## Task objective
Skip the pictures. Retype exactly, and only, the lines between the line holding "足球神经网络技术在战术预测与胜率评估中的准确性分析 足球" and the last line below, inclusive.

## Material provided

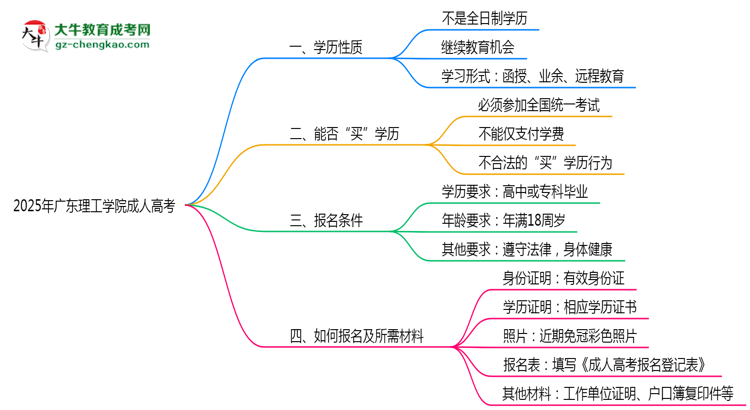 2025年廣東理工學(xué)院成人高考是全日制學(xué)歷嗎？思維導(dǎo)圖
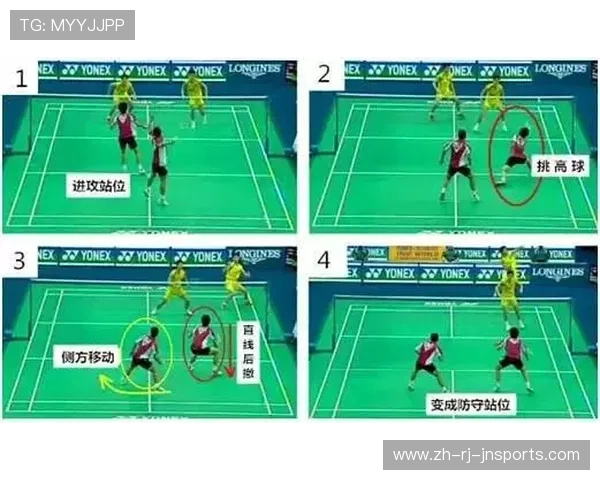 足球神经网络技术在战术预测与胜率评估中的准确性分析 足球神经网络技术在战术预测与胜率评估中的准确性分析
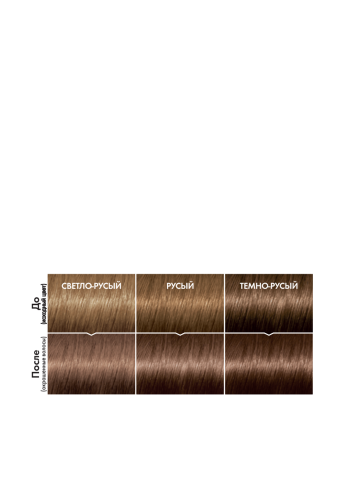 780, Краска для волос "Ореховый мокко" L'Oreal Paris (46611686)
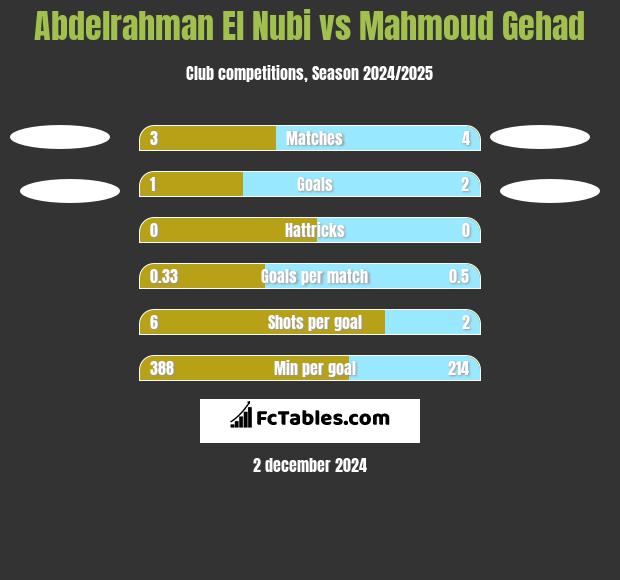 Abdelrahman El Nubi vs Mahmoud Gehad h2h player stats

## Completed task
 足球神经网络技术在战术预测与胜率评估中的准确性分析 足球神经网络技术在战术预测与胜率评估中的准确性分析
 780, Краска для волос "Ореховый мокко" L'Oreal Paris (46611686)
 Abdelrahman El Nubi vs Mahmoud Gehad h2h player stats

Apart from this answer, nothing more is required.